**WHAT TO DO**
Write out again, exactly, the lines below starting at the one with "Flossy Chews Cottonblend" and ending at the one with "Malacca Upholstered Bench, Hisbiscus Pink".

**DATA RECORDS**

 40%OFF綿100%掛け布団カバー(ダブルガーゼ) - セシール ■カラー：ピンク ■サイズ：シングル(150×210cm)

---

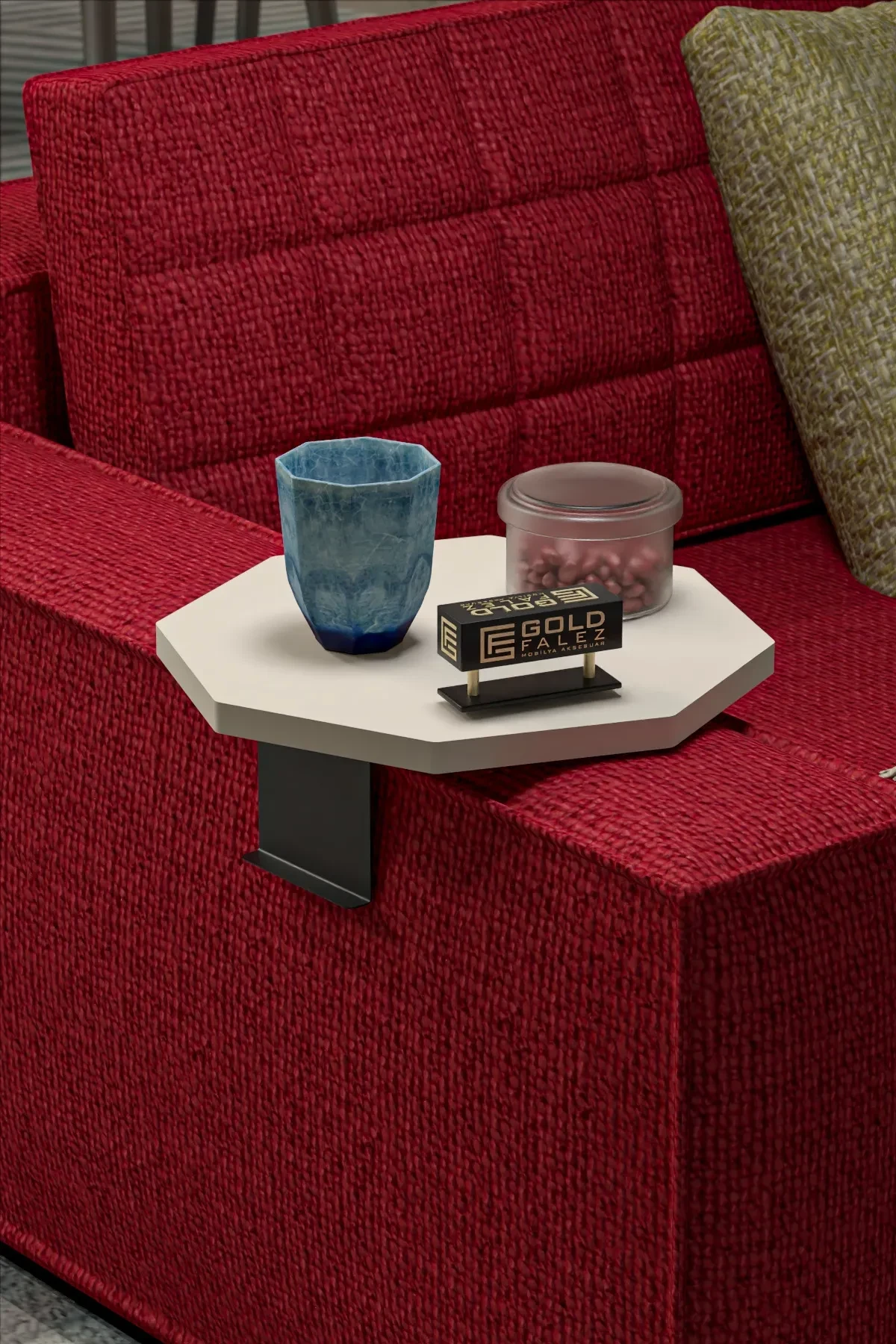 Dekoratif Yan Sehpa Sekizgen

* * *

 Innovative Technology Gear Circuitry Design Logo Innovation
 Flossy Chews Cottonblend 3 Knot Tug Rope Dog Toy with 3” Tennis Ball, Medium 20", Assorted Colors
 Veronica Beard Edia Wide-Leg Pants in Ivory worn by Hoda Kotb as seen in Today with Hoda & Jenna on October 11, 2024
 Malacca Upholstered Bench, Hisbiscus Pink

**TASK ANSWER**
 Flossy Chews Cottonblend 3 Knot Tug Rope Dog Toy with 3” Tennis Ball, Medium 20", Assorted Colors
 Veronica Beard Edia Wide-Leg Pants in Ivory worn by Hoda Kotb as seen in Today with Hoda & Jenna on October 11, 2024
 Malacca Upholstered Bench, Hisbiscus Pink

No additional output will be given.